Stored data entries:
________________________________________

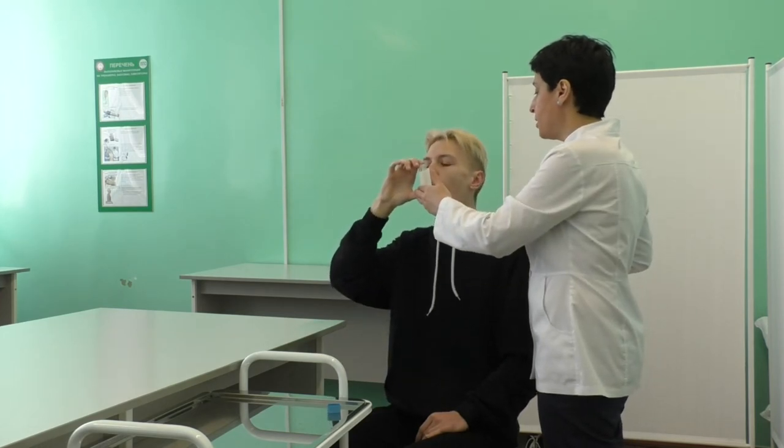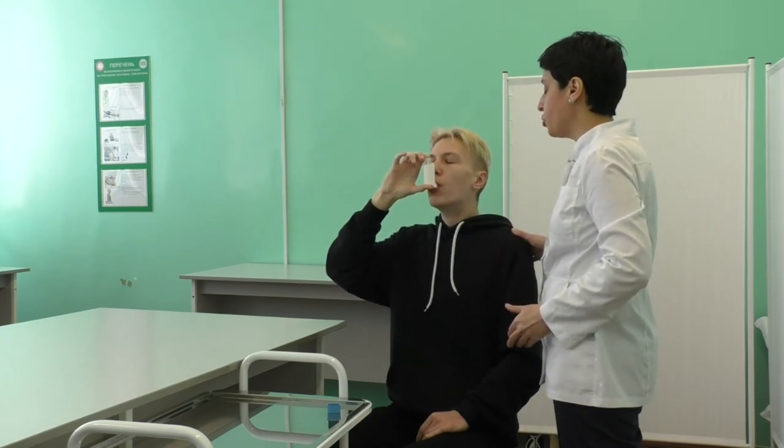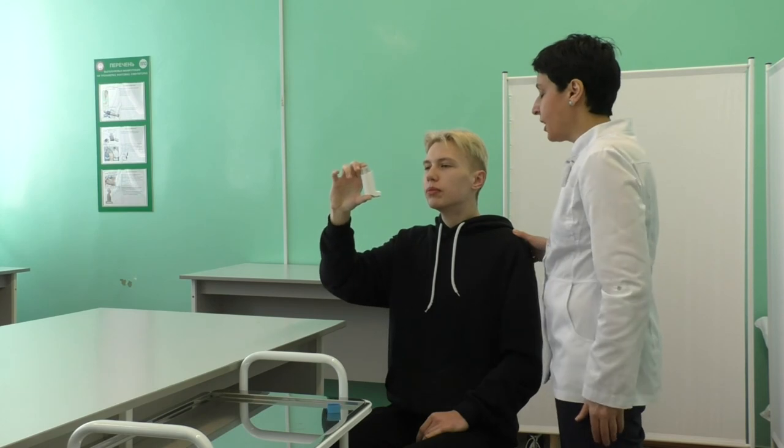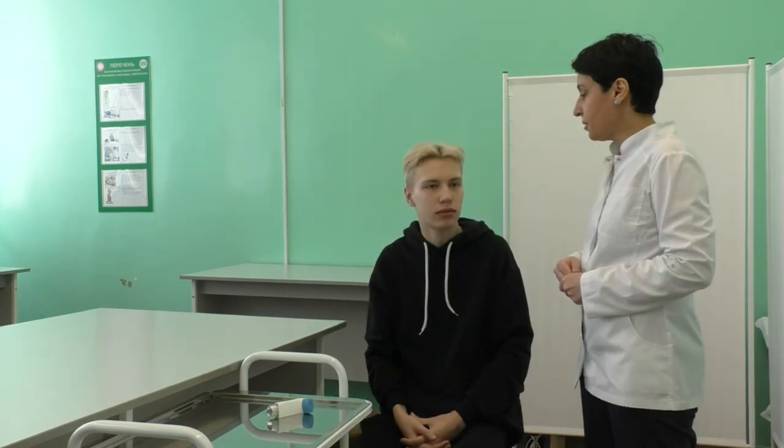Take a deep breath and simultaneously press on the bottom of the canister. Press down the canister with your index finger to release the medication. Recommend your patient to hold their breath for as long as comfortable, 5 to 10 seconds, and then exhale.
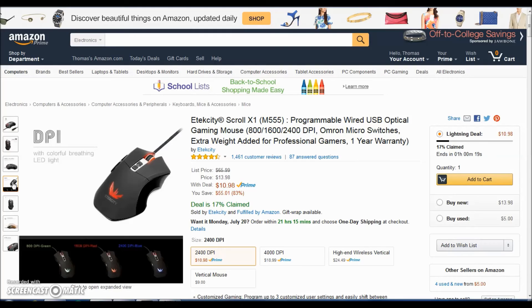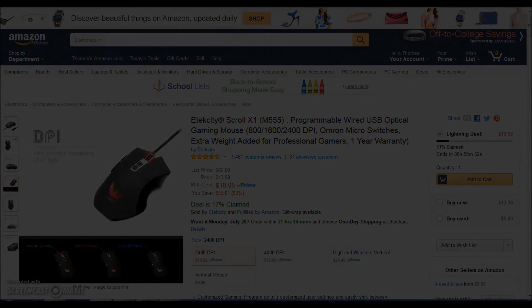All these tech deals will be in the description if you want to pick them up, but they're only the deals for today. Thank you for watching — this is Amazon Tech Deals and this is Thomas with TCR Gaming. Like and subscribe, thank you!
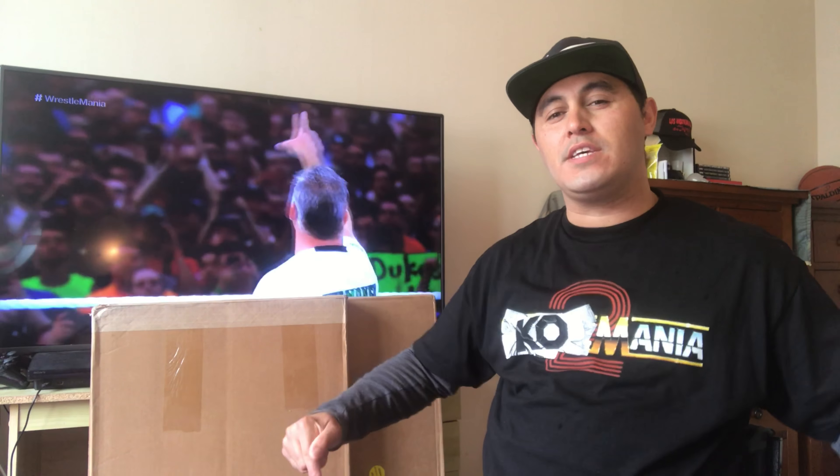Kia ora YouTube, it's your man from New Zealand, Rep35, returning with another video. This video here in particular is going to be a WWE Shop double plaque unboxing.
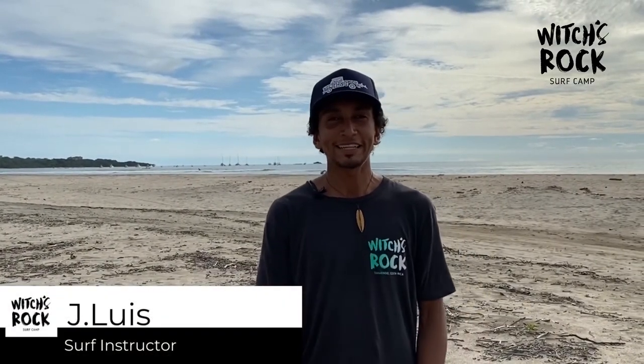Hey guys, this is Jay Luis and here we are in Playa Tamarindo in front of Vichy's Rock Surf Camp. Today we want to talk about proper paddling and some really good tips about how to improve your paddling.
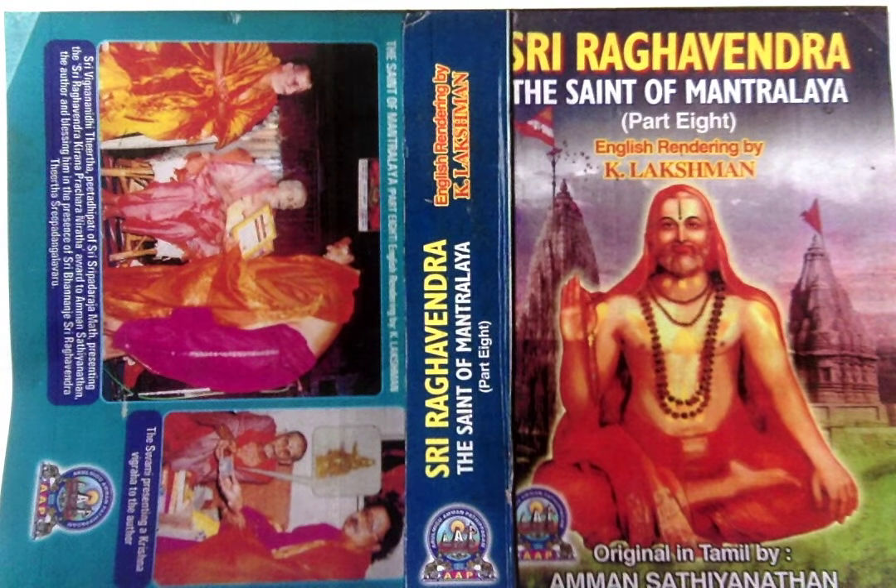The method of Panchamudra application. After the placement of Vadasha Namas, the five mudras prescribed by the religious dictates should be dipped in the Gopichandana mix and applied on the namas and at spots close to them. The procedures to be followed for this are explained below. The five mudras are:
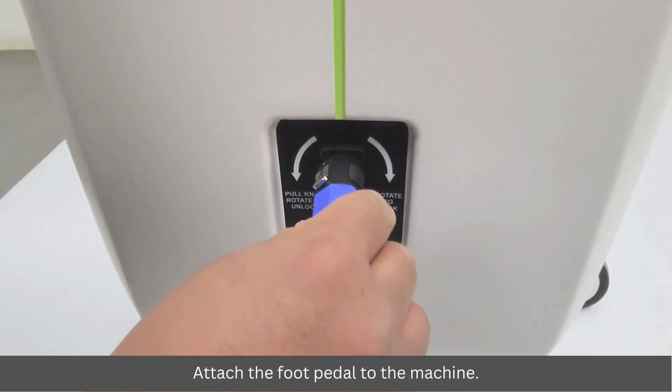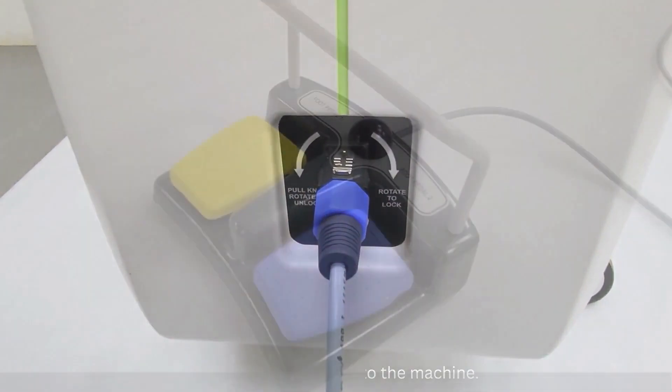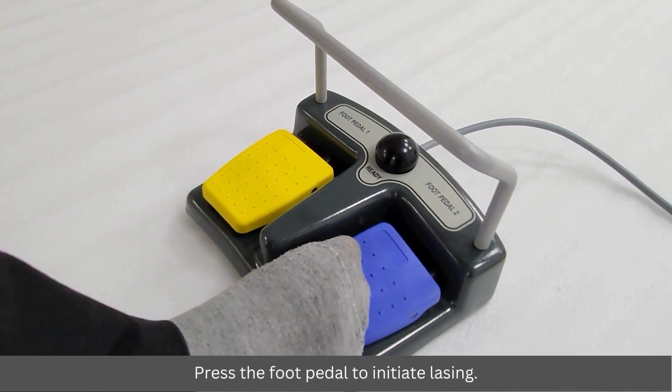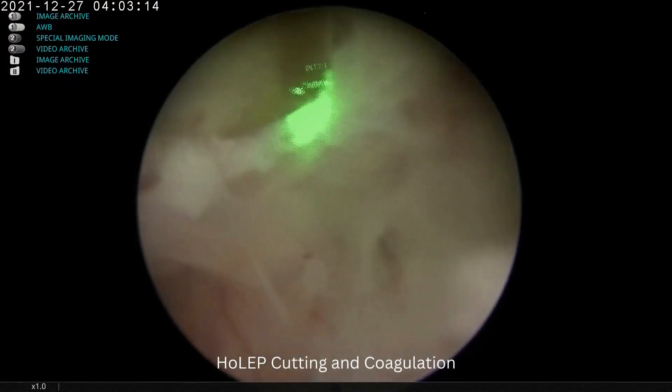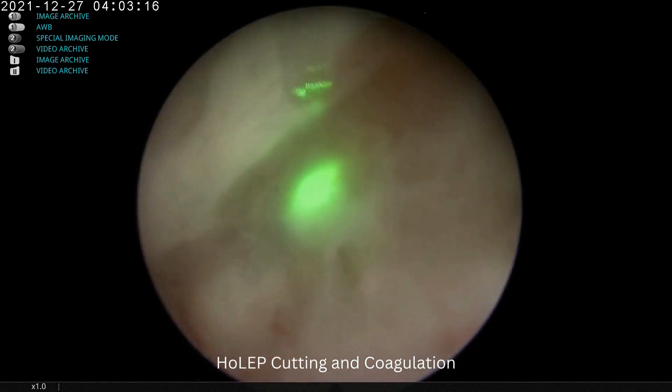Attach the foot pedal to the machine and press the foot pedal to initiate lasing. Applications include tissue cutting and coagulation.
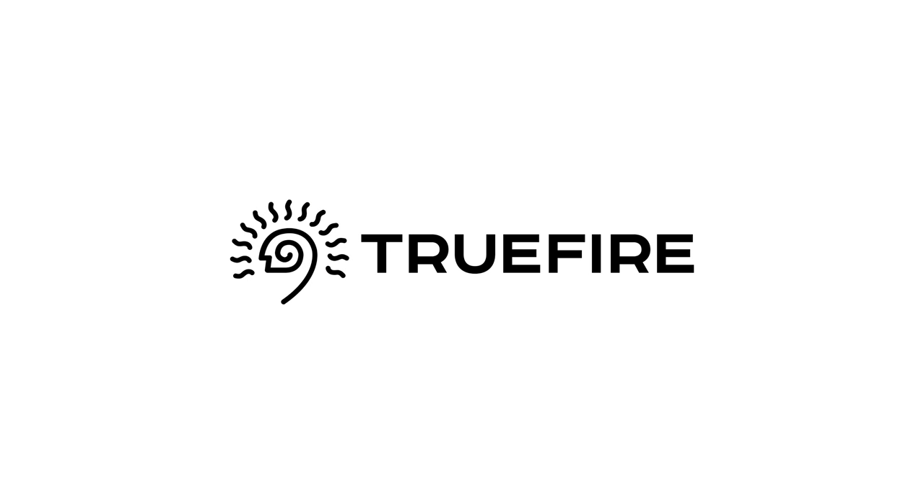This video is sponsored by Truefire. Over 2 million guitar players worldwide improve their playing using Truefire's online lesson systems. Learn, practice, and play with Truefire.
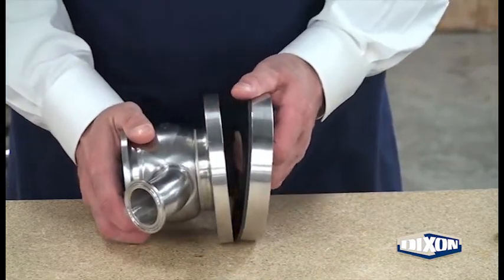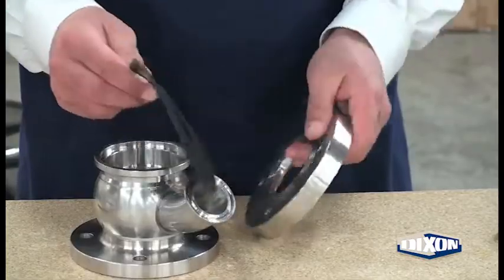Separate the upper flange from the valve body. Separate the flange seat and upper flange.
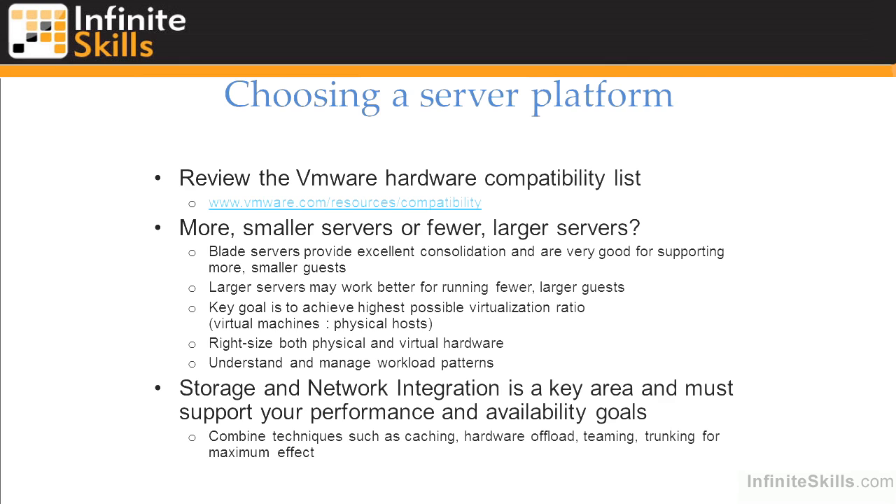We can more easily port virtualized environments from one physical environment to another — for example, moving from lab to production or taking a copy of production into lab for testing. It's really important that we understand and manage our workload patterns, identify the best candidates for virtualization, and keep project momentum going as we develop a more solid infrastructure. We also need to think not only about the number of servers, but how we're going to integrate with storage and network — when consolidating 10, 20, or 30 previously physical servers, we might find we're using a lot of storage SAN fabric bandwidth or network fabric bandwidth.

________________________________________

--- Aim of the task ---
Above are entries with pictures among them. Write out exactly the lines from the one containing "Hey guys, this" through the one containing "Attach the foot", ends included, and leave those pictures out.

--- Task response ---
Hey guys, this is Jay Luis and here we are in Playa Tamarindo in front of Vichy's Rock Surf Camp. Today we want to talk about proper paddling and some really good tips about how to improve your paddling.
The method of Panchamudra application. After the placement of Vadasha Namas, the five mudras prescribed by the religious dictates should be dipped in the Gopichandana mix and applied on the namas and at spots close to them. The procedures to be followed for this are explained below. The five mudras are:
Attach the foot pedal to the machine and press the foot pedal to initiate lasing. Applications include tissue cutting and coagulation.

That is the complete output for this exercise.